I can't remember the books names but there was a good one written by a lady who adopted from Russia. And there's a woman that adopted her son from abroad that runs a website and blog. We didn't start down that path so I don't know myself. They also said it took years. It just wasn't for us but hundreds of people a year do it so it's obviously quite possible to do.

Xxxx


----------



## olgakorbut (Jul 5, 2008)

Hi Sparkle


Thanks for the message, nice of you to send it through to me. I think in hindsight that it is a big no no, there's no way that we could get that sort of money together.  What I might do is look into it in the UK, get the initial info from the L.A's I am allowed to access - I looked at Cov where I used to work and they don't allow me to go through them for some reason although our village is in North Warks, as our county is classed as Staffs, very complicated!


So I think that will be the next move and also getting a job so that I can go back down to London to see at least what type of treatment I may/may not be able to have.


If you have anything you think would be good for me to know from your adoption process or think could send me, that would be fab!!!!


thanks again so much,
Kathy xx


----------



## sparkle2811 (Apr 30, 2011)

Hiya, I didn't want to be the voice of doom and gloom. Someone might come along that's adopted from abroad and say its not as bad as the literature seems to say it is. 

We are right at the begining of our adoption process but it's been really positive so far.
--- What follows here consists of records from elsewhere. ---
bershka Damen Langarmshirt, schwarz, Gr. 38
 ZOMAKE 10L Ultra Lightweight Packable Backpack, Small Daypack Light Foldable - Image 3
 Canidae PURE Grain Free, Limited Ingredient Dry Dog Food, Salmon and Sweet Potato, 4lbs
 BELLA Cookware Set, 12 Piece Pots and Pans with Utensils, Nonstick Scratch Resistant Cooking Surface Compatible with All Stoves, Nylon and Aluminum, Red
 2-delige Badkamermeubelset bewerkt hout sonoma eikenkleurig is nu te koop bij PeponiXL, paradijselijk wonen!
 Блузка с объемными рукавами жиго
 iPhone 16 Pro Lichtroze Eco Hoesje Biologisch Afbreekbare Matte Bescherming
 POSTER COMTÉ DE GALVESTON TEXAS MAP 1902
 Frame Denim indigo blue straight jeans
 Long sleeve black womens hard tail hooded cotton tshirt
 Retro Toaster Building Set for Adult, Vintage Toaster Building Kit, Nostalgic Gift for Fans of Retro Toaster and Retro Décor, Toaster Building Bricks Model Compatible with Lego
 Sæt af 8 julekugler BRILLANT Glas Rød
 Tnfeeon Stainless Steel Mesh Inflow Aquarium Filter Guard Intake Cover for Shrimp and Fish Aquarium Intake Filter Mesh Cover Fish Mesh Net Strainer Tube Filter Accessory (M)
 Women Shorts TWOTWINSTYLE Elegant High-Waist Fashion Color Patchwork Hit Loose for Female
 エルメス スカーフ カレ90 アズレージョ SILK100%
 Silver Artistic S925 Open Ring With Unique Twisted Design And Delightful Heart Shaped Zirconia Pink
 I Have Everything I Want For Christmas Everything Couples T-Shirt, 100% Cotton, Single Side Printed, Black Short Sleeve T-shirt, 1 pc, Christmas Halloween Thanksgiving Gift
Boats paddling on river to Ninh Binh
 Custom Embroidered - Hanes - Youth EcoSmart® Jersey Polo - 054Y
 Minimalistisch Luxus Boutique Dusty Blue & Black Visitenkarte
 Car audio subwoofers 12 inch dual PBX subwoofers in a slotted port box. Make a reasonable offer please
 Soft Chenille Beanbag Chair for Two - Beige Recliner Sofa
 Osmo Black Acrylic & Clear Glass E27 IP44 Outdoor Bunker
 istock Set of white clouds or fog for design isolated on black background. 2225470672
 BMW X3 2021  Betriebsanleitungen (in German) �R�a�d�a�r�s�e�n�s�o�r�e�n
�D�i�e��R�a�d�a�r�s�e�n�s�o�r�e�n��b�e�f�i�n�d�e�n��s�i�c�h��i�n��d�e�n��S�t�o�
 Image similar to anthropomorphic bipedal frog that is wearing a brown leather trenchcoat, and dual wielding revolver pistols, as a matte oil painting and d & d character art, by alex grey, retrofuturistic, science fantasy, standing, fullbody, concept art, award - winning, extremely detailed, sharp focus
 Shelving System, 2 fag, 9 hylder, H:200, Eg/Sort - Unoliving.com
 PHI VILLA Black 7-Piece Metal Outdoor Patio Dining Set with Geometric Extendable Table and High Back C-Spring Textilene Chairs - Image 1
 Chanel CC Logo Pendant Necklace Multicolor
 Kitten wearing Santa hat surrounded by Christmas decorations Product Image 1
We did have to wait a year after ivf before they'd accept us and our doctor had to say that we'd not had any fertility apountments in that time. It's so hard to give up on ttc. I cried and cried but I feel much better now and excited about the next step. They wanted us to have friends and family arround us for support and I'm lucky I have both my dh familly and mine near by. They just want to know you'll be ok with a new child with lots of emotional needs. I'm still waiting to hear our date for the prep course and I hear that's hard. 

Good luck with your job hunt xxx


----------



## olgakorbut (Jul 5, 2008)

No don't worry about thinking you are giving doom and gloom, I know that adoptions from abroad are positive and people happy I am sure, it's just the monetary thing with me.


At least if things were ok, age and everything we would not have to wait the year as it is over two years now, so on that front all is well, but they may pick up on finances. I will make that step and enquire and it's nice to hear how you are doing on your journey.  At the end of the day it does not matter if they are yours biologically, you are the parents bringing them up and they need a home and somebody to cherish them, and that is what is important.  I can see that you will be great parents already!!    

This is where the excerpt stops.